— What to do —
When you reach the line in the listing below that contains "Tauane Drawstring Bag with Chain", begin returning lines exactly as written, and stop after the line that contains "POLISPORT Kinder Helm". Return no other lines.

— Supplied records —
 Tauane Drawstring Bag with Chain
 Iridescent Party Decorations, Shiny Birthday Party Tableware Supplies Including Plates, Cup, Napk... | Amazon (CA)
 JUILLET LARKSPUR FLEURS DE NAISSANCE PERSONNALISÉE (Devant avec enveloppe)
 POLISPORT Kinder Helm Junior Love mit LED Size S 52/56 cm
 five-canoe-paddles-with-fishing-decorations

* * *

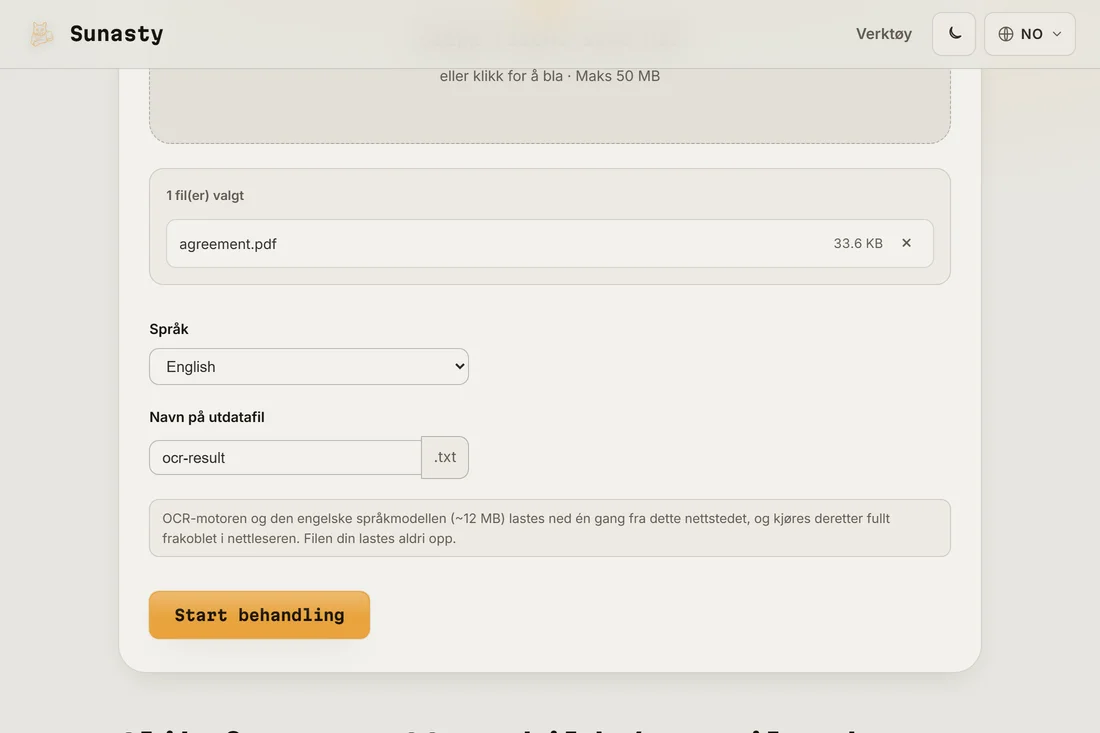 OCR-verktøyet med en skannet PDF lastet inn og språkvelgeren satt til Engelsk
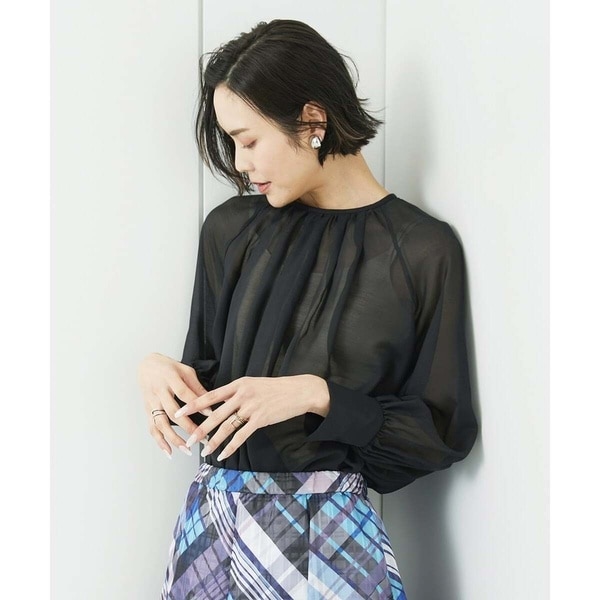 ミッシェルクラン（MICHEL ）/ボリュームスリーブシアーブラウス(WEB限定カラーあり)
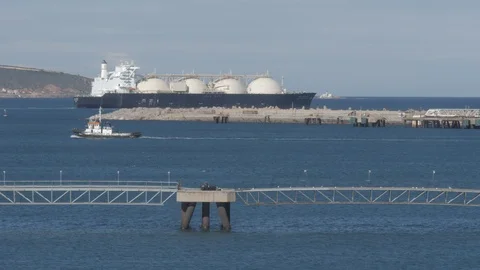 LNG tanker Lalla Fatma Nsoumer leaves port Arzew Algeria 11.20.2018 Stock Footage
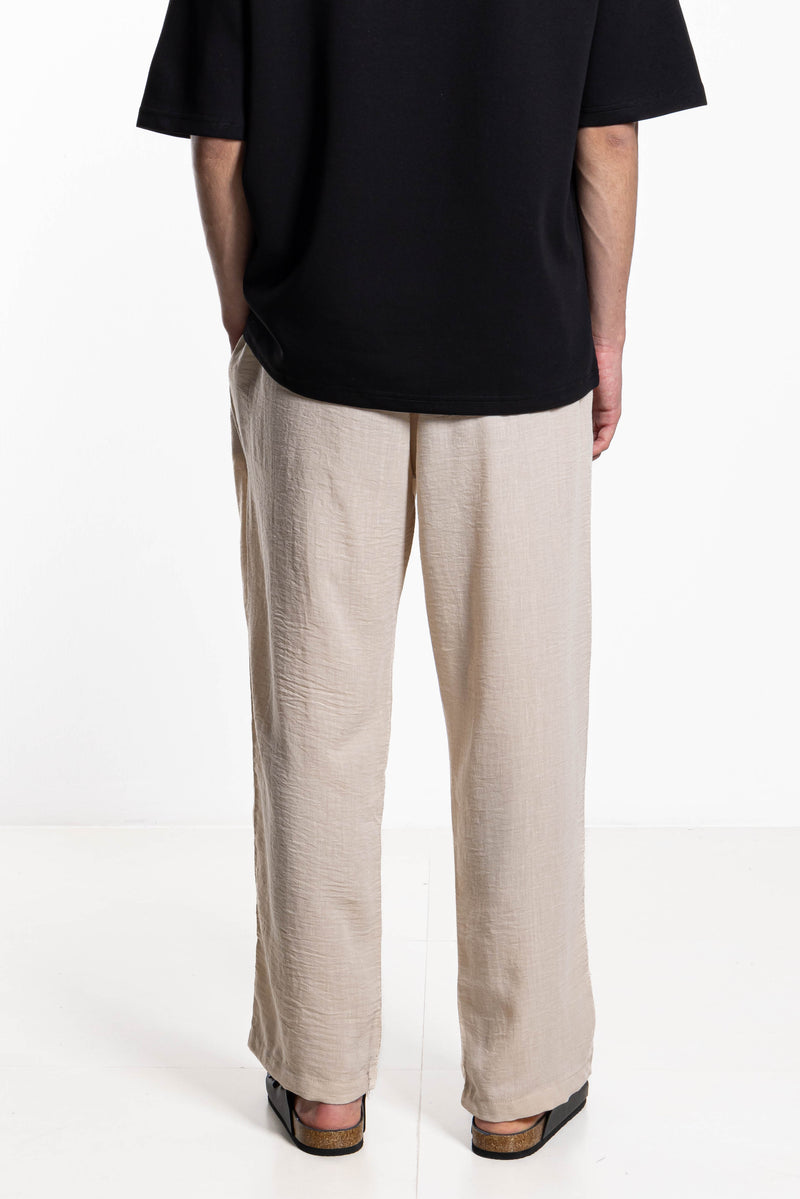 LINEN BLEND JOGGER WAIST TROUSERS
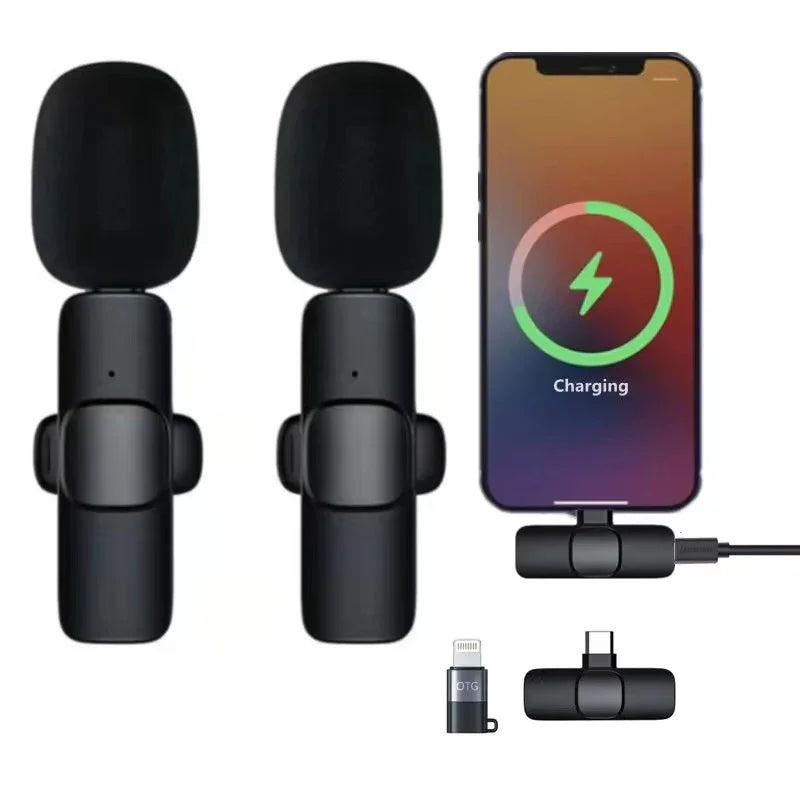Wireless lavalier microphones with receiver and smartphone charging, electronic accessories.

— Output for this exercise —
 Tauane Drawstring Bag with Chain
 Iridescent Party Decorations, Shiny Birthday Party Tableware Supplies Including Plates, Cup, Napk... | Amazon (CA)
 JUILLET LARKSPUR FLEURS DE NAISSANCE PERSONNALISÉE (Devant avec enveloppe)
 POLISPORT Kinder Helm Junior Love mit LED Size S 52/56 cm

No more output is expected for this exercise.